DCWS connected with San Diego-based rock artist, Christopher Sluka, who recently presented his new album, “Colorful Radiation”. During the exclusive interview we inquired about Sluka's creative process when developing songs, what he enjoys and hates most about being an artist and much more.
Tell us about your new single "Number One". What does the song represent for you and what do you hope that those who listen to it for the first time take away from it?
I'm fascinated by how groups of human beings throughout history have a strong desire to get together and strive to proclaim themselves "Number One," similar to the Queen song "We are the Champions." However, in this case, not just to sports teams, but political parties, nations, cities, and especially religions... this sense that "God is on our side" and we are somehow the "chosen people."

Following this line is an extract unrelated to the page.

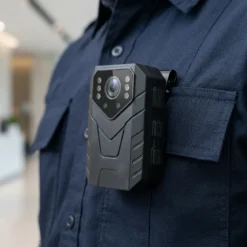 Преносима 2K body камера FipTec LM08, дискретно закрепена със щипка върху тъмносиня униформа. Модерно устройство за надеждна защита и спокойствие, осигуряващо лесен контрол и сигурност във всяка ситуация.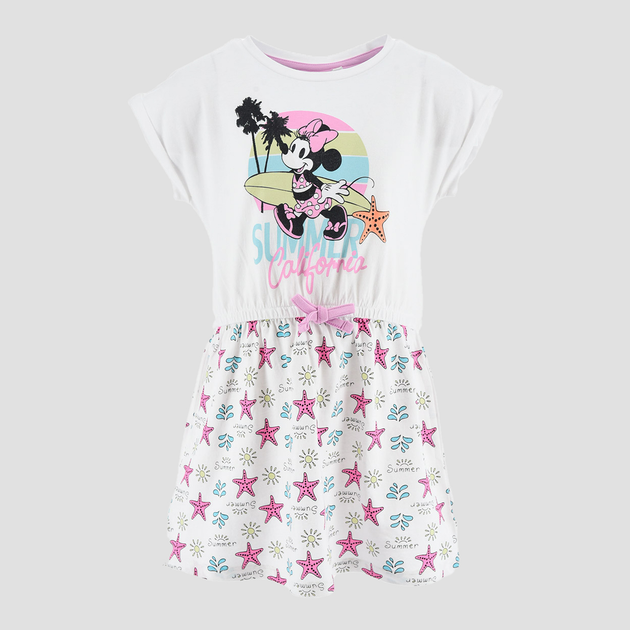 Акція на Дитяче літнє плаття для дівчинки Disney Minnie EX1091 128 см Біле від Rozetka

Describe your creative process in relation to developing songs. Do you write lyrics first and then figure out the instrumentation?
The good ones just come to me. If I think about it too much it never works. And you must be willing to sound terrible in order to experiment and discover something new.
What do you enjoy most about being an artist?
It is a wonderful feeling when an inspiration all comes together, very fulfilling.
What frustrates you the most about being an artist?
It is a horrible feeling when an inspiration doesn't come together, very exasperating.
How would you say that your latest release "Colorful Radiation" is different than your prior albums?
Not only did all the songs come to me melodically & lyrically, but also the arrangements, in a very short time, about three weeks. I could hear everything in my head very much like how a song gets stuck in your head, only in this case they were original songs. And they came to me in the order of the album, like chapters in a book, to tell a cohesive and emotional story that I hope resonates with an audience, and may become something they turn to for sustenance throughout their lives.
As someone who has traveled across the world, what's your favorite city to visit or a place you'd want to end up living?
I've always been drawn back to Venice every few years. I speak a little Italian and I love the food. But as much as I love traveling, and I've lived many years of my life abroad, when away for long periods, I still find myself missing the ideals of America, the aspirations for innovation, creativity, and the pursuit of knowledge and happiness.